Compute Domains: Bringing Multi-Node NVLink Awareness to Kubernetes

As AI workloads continue to scale, the bottleneck is no longer just raw GPU availability. Increasingly, performance depends on how efficiently GPUs can communicate across nodes. That is especially true for large model training, distributed inference, and pipeline-parallel workloads that rely heavily on high-bandwidth, low-latency interconnects.

NVIDIA’s ComputeDomains introduce a Kubernetes-native abstraction for managing multi-node NVLink-connected GPU communication dynamically. Rather than forcing platform teams to preconfigure static communication groupings between nodes, ComputeDomains enable Kubernetes to allocate and tear down those groupings as part of workload scheduling.

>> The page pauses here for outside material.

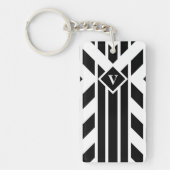 Zwarte vierzijdige strepen op wit met monogram sleutelhanger (Voorkant)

This shift has important implications for performance, utilization, isolation, and the operational model of large-scale AI platforms.

The Infrastructure Gap for AI Platforms

Kubernetes has become the default control plane for modern infrastructure, including GPU-backed environments. But traditional Kubernetes scheduling is still mostly centered on node-local resources such as CPU, memory, storage, and device counts.

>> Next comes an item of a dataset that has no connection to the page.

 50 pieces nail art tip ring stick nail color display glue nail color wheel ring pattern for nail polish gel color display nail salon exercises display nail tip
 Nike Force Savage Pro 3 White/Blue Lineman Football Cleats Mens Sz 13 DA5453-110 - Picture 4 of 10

That model starts to break down for modern AI systems. In rack-scale systems such as NVIDIA’s GB200 NVL72, GPUs are no longer best viewed as isolated devices attached to individual servers.

Through NVLink, they are part of a larger connected fabric that enables high-speed communication across GPUs and, increasingly, across node boundaries. In practice, that means a distributed workload may care less about “how many GPUs are free” and more about “which GPUs can communicate efficiently as a coordinated compute domain.”

That distinction matters because many AI jobs do not simply request GPU capacity. They implicitly require:

• Fast cross-GPU communication,
• Coordinated memory access,
• Workload-scoped isolation, and
• Topology-aware placement.

Without fabric awareness in the orchestration layer, platform teams are left bridging the gap manually.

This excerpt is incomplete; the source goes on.